Apuntaremos los comentarios y observaciones hechos directa y verbalmente, a pie de calle, de forma tan informal que recuerda cierta clandestinidad.

Un primer descubrimiento interesante es que muchos católicos «practicantes» no han leído ni piensan leer el texto pontificio. No les interesa nada. Lo mismo descubrimos en más de un sacerdote y esto es más grave. Aunque hay que descontar aquí los que lo conocen pero lo niegan, para escabullirse del compromiso de declarar que no les gusta. Otros dicen que sí, que conocen el texto, y tratan de justificarlo, pero pecan de mentirosos porque en el fondo de su alma les parece mal.
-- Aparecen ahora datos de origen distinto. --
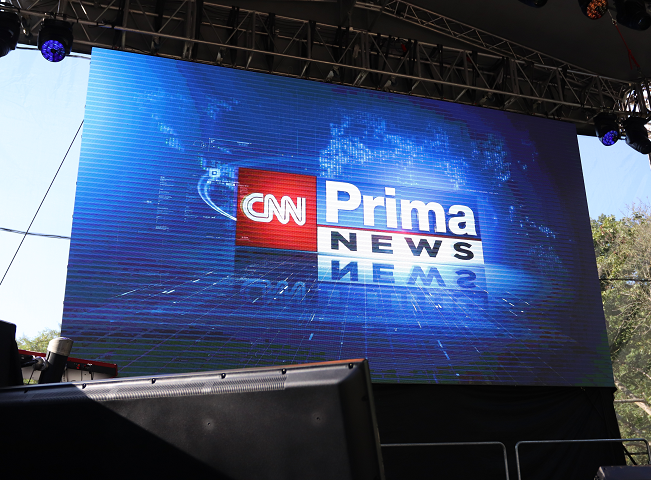Logo CNN Prima News představeno na tiskové konferenci k podzimnímu schématu. Foto: Martin Petera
El tono general de los comentarios verbales, sinceros y espontáneos, ha sido de sorpresa y estupor, seguido de apatía e indignación. El católico seglar de clase y cultura medias (y de una cierta edad) ha reaccionado ante la noticia con indignación, más bien intuitiva y apriorística, y ha apreciado en el texto una contradicción con todo lo que durante mucho tiempo le habían enseñado acerca de la libertad y exaltación de la Santa Madre Iglesia, citada en las oraciones leoninas del fin de la Misa. Contradicción también con todo lo vivido en el periodo que siguió a nuestra guerra. No son teólogos ni filósofos preparados para profundas exégesis, pero poseen cierta cultura histórica que tiene su puesto en cualquier asunto. La crisis de la Iglesia les viene a borbotones. Los más cultos, sobre todo tradicionalistas, recuerdan el efecto que causó en las filas católicas españolas de mediados del siglo XIX que el papa Pío IX le concediera la Rosa de Oro a Isabel II y que después, cuando la tercera guerra carlista, que él había fomentado bajo cuerda como reacción a las impiedades de la Gloriosa Revolución, empezara a mostrarse adverso a Don Carlos VII, enviando un nuncio a la zona liberal. Agravios a los que siguieron los de León XIII, el asunto de la Acción Francesa, el de los cristeros mejicanos e incluso el de nuestra II República.

Los excombatientes de la Cruzada que viven, y sus admiradores, reaccionan diciendo que los que murieron «por Dios y por España», o los que arrostraron grandes sacrificios, no lo hicieron por el Estado laico sino por el católico. Las alusiones favorables a la laicidad, por tanto, han producido una división entre los seguidores del viejo lema «DiosPatria-Rey». Unos han reaccionado con la declaración a que luego nos referimos, en el sentido de que «Dios» debe seguir entendiéndose como siempre, mientras que otros exégetas, los «neocarlolaicistas», replican de forma misteriosa e incomprensible que es compatible y subordinada a la laicidad. Algunos encuestados, parecidos a los que se evaden, disienten claramente del laicismo en su fuero interno, pero –más amigos de Platón que de la Verdad– quieren arreglar las cosas diciendo que es que no lo hemos entendido bien. Ya conocimos esta estratagema cuando el Concilio. Al escándalo de la libertad religiosa respondían que no lo habíamos entendido. Lo cual, además de ser mentira, era una agresión a la buena fama de nuestras facultades mentales, que entiendo exigen moralmente una reparación que explique que no somos del todo tontos. Hay un su grupo de piadosos empeñados en mentir, que dicen que los que rechazamos el laicismo no captamos la diferencia existente entre laicismo y laicidad, separación Iglesia-Estado, laicidad positiva, etc. Estamos ante un enjambre de mentiras pecaminosas muy propias de la manipulación del lenguaje al servicio de la guerra psicológica.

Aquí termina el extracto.